PROBLEM REQUIREMENTS. All that is wanted is a word-for-word copy of the data from its first line to the line containing "Losi LOS232068 Locked Rear Differential V100", both included.

RECORD SET: Begin

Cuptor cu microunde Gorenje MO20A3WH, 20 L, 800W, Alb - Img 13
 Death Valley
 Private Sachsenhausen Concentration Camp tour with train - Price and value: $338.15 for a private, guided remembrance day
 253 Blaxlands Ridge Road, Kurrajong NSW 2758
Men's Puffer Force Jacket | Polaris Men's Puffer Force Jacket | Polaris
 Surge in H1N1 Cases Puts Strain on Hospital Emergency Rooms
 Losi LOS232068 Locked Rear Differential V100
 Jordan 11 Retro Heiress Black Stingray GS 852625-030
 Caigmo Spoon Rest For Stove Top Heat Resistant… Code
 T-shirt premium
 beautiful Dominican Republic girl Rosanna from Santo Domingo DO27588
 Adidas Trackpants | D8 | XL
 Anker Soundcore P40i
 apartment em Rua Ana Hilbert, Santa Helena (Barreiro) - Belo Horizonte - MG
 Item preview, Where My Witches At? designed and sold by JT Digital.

RECORD SET: End

TASK RESPONSE.
Cuptor cu microunde Gorenje MO20A3WH, 20 L, 800W, Alb - Img 13
 Death Valley
 Private Sachsenhausen Concentration Camp tour with train - Price and value: $338.15 for a private, guided remembrance day
 253 Blaxlands Ridge Road, Kurrajong NSW 2758
Men's Puffer Force Jacket | Polaris Men's Puffer Force Jacket | Polaris
 Surge in H1N1 Cases Puts Strain on Hospital Emergency Rooms
 Losi LOS232068 Locked Rear Differential V100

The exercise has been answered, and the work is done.